In our study, we looked more closely at the relationship between UA levels and the risk of LBW/SGA during different trimesters which outperformed previous studies that only focused on maternal UA levels in one trimester [27, 28]. By analyzing UA levels throughout pregnancy and adjusting for confounding factors, we found that high UA levels were still associated with the risk of LBW/SGA. Our findings suggested that UA levels were also associated with the risk of SGA in the second trimester, and in the third trimester, UA levels were associated with the risk of LBW/SGA. Additionally, UA levels variation was associated with the risk of LBW/SGA. Therefore, we believed that more attention should be paid to UA levels especially the variation during pregnancy in order to reduce the incidence of LBW/SGA earlier and more effectively.

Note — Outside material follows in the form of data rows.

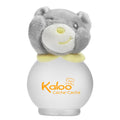 Kaloo Cache Cache Eau de Senteur 50 ml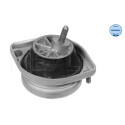 Suporte de motor MEYLE 300 221 1103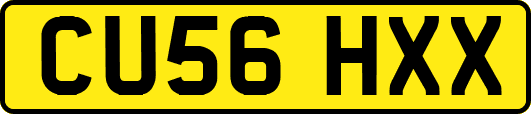 CU56HXX
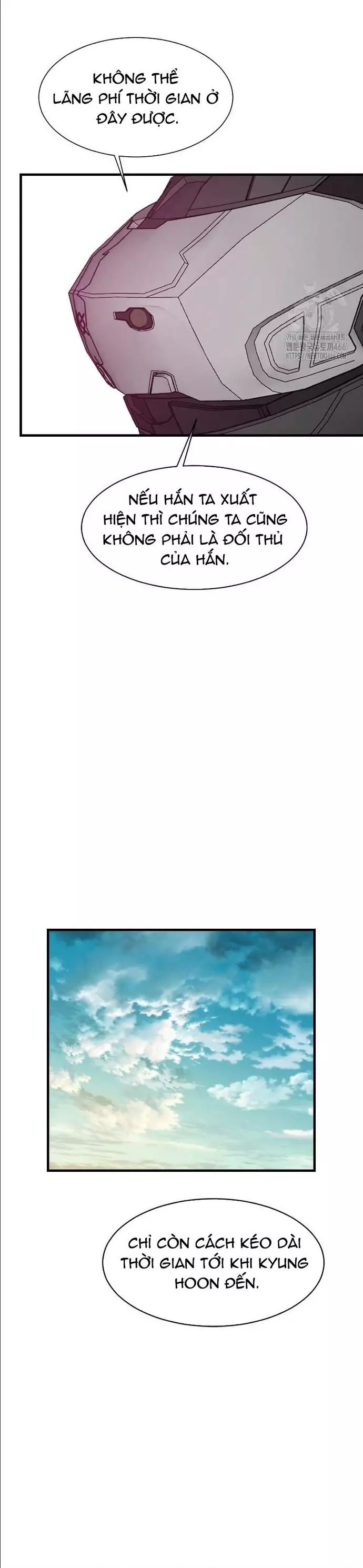 page_13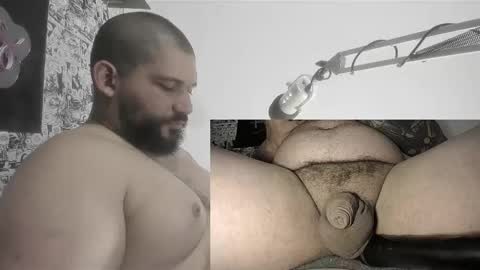 Snapshot of drake_white1 chatting on 11/11/25, 03:50 drake whitee Independent Model online show from 11/11/25, 03:50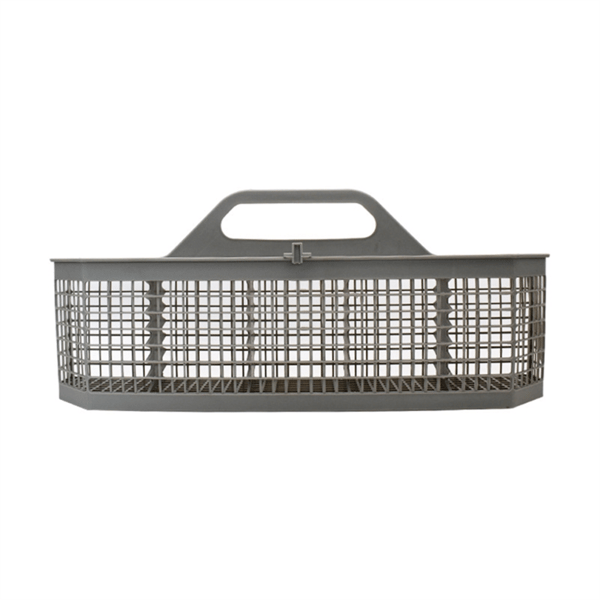 Universell ersättningsdiskställ för WD28X10128 diskmaskin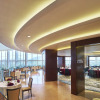 Отель Sheraton Zhoushan Hotel, фото 25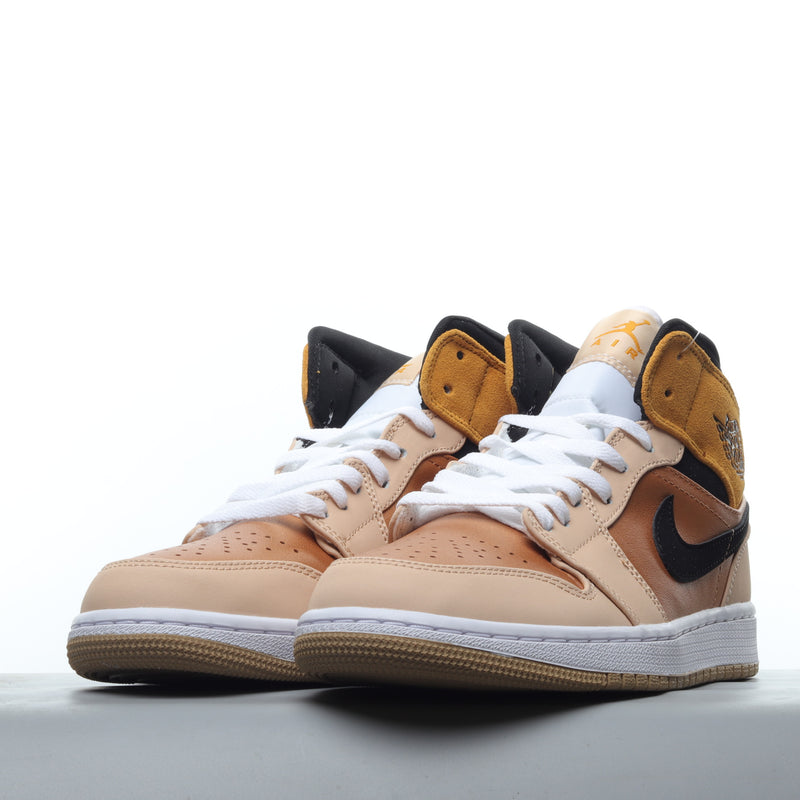 Air Jordan 1 Mid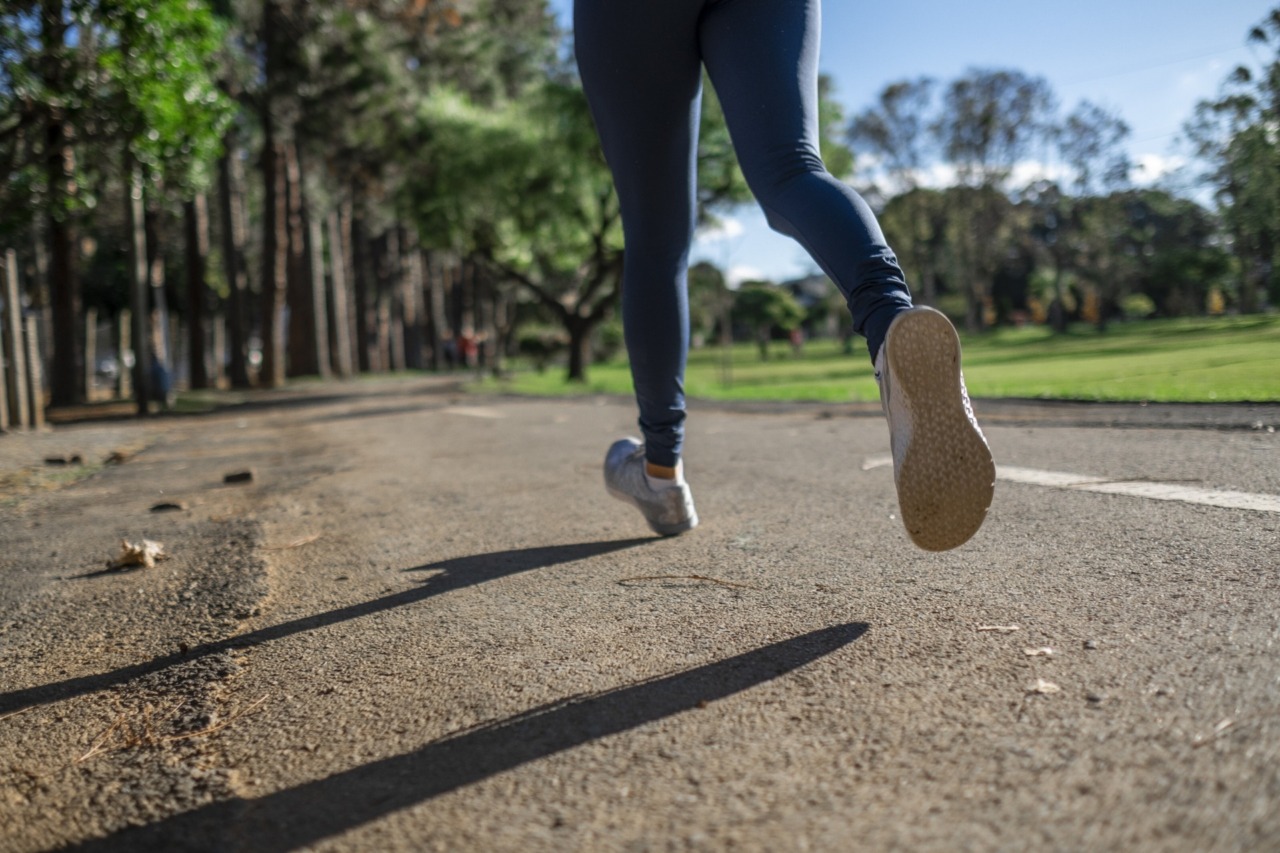 Sport e beneficenza: il weekend di corsa che mobiliterà Bussero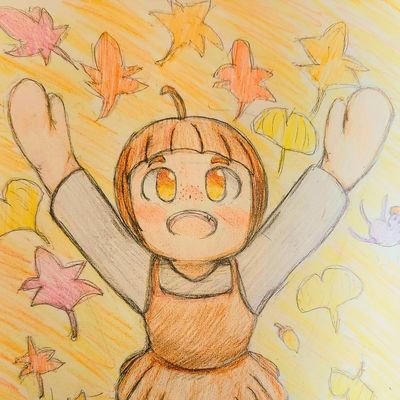 🫠お絵描き🫠さんのプロフィール画像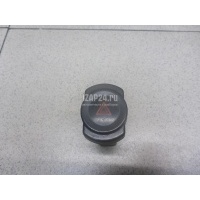 Кнопка аварийной сигнализации Renault Sandero (2009 - 2014) 252905315R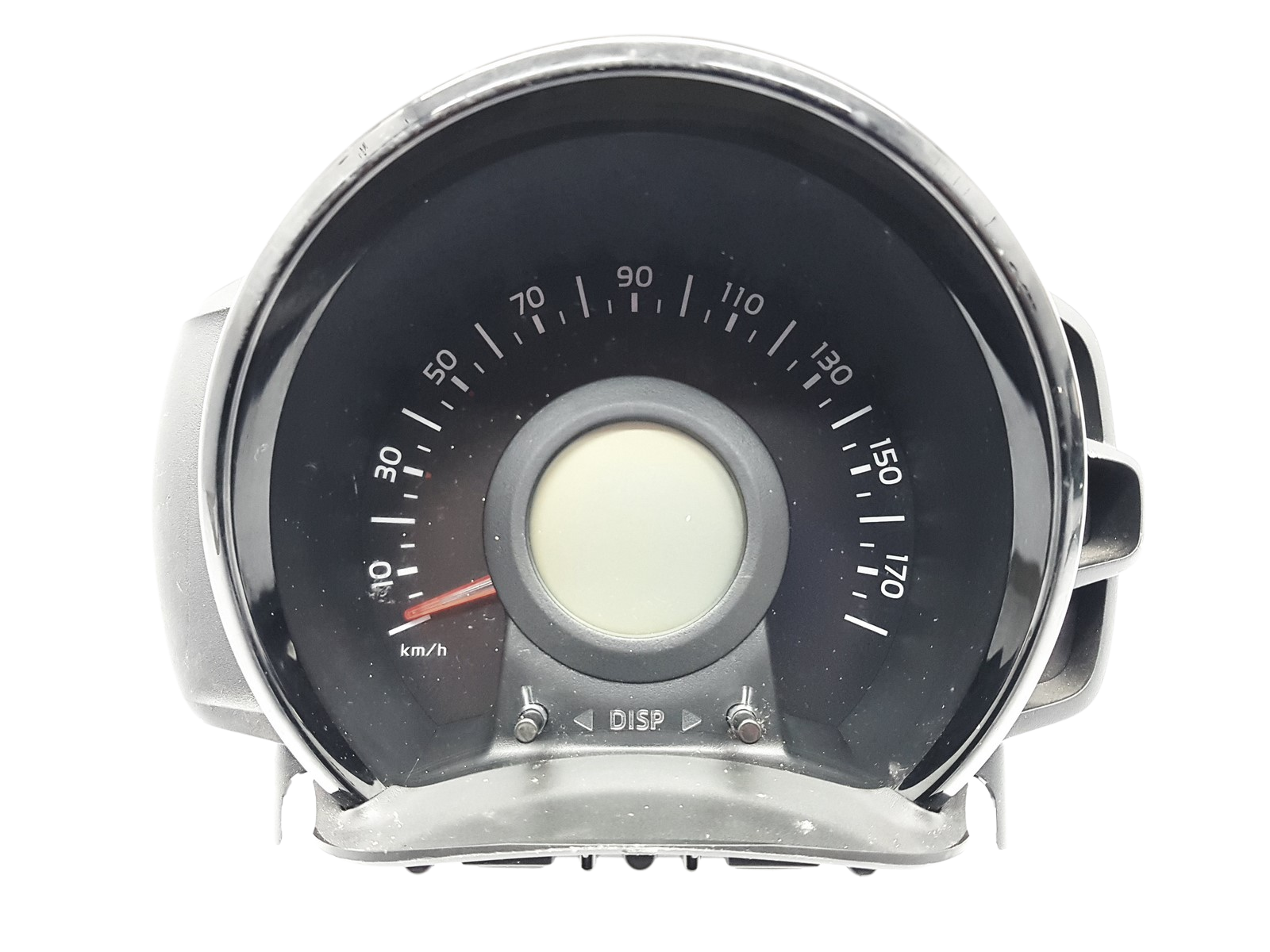 Velocímetro C1 Aygo 108 69342-430U Toyota PSA 52137 main product photo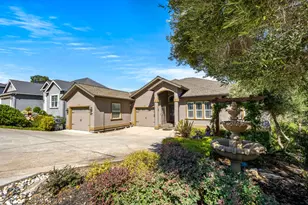 1560 High St, Auburn, CA 95603 - Photo 2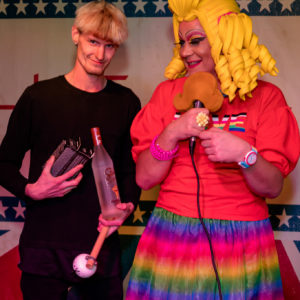 Heaven_QueensNight_15022019_2048px-1055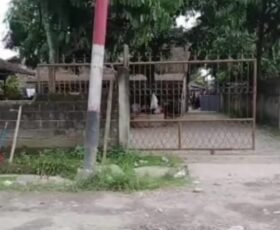 Ngeri…!!! Diduga Kabar APH Terima Upeti Dari Usaha Perjudian Milik AK dan Aju Brahrang Kembali Berhembus Kencang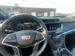 2024 Cadillac XT5 for sale in marlboro, New Jersey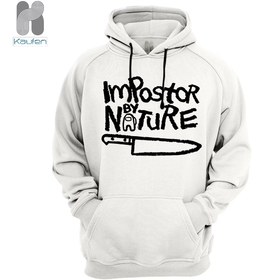 تصویر لباس Among Us 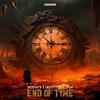 Uberjak'd - End Of Time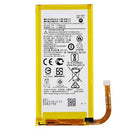 Motorola G7 (XT1962) Battery Replacement High Capacity (JG30)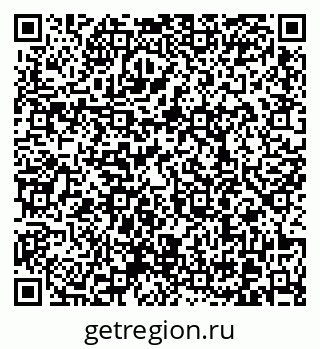 79370608757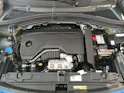 Citroën C3 1.2 Hybrid Max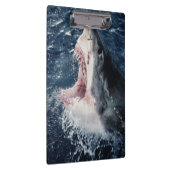 Erhöhte Schornsteine Klemmbrett (Rechts)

Nevertheless, there were some limitations to this study. First, it was retrospective, thereby limiting causality. Further, this study only included Chinese of ethnic homogeneity dominated by Han Chinese, making it difficult to generalize. Therefore, we suggested that future well-designed large, multicenter prospective longitudinal studies should be conducted to accurately identify the causal relationship between UA levels and birth weight as early as possible, and to identify and prevent adverse fetal outcomes in pregnant women with hyperuricemia as soon as possible. To better understand how UA levels affect pregnancy and fetus, future studies should examine serum UA levels before and after pregnancy. In addition, it is also necessary to assess the impact of the level of the UA levels variation on the risk of LBW and SGA.

Conclusions

This cohort study demonstrated a noteworthy positive association between uric acid levels and the risk of LBW and SGA. Moreover, pregnant women with GH, PE, and BMI < 25, complicated by hyperuricemia, exhibited a significantly high risk of LBW/SGA. And whether it is DGW < 37 or DGW ≥ 37, if UA > 360 μmol/L, the risk of LBW/SGA would increase. These findings hold considerable significance for the provision of pregnancy care. We further underscored the necessity for robust longitudinal studies to elucidate underlying mechanisms and ascertained the optimal timing for interventions, particularly among diverse ethnic groups and populations.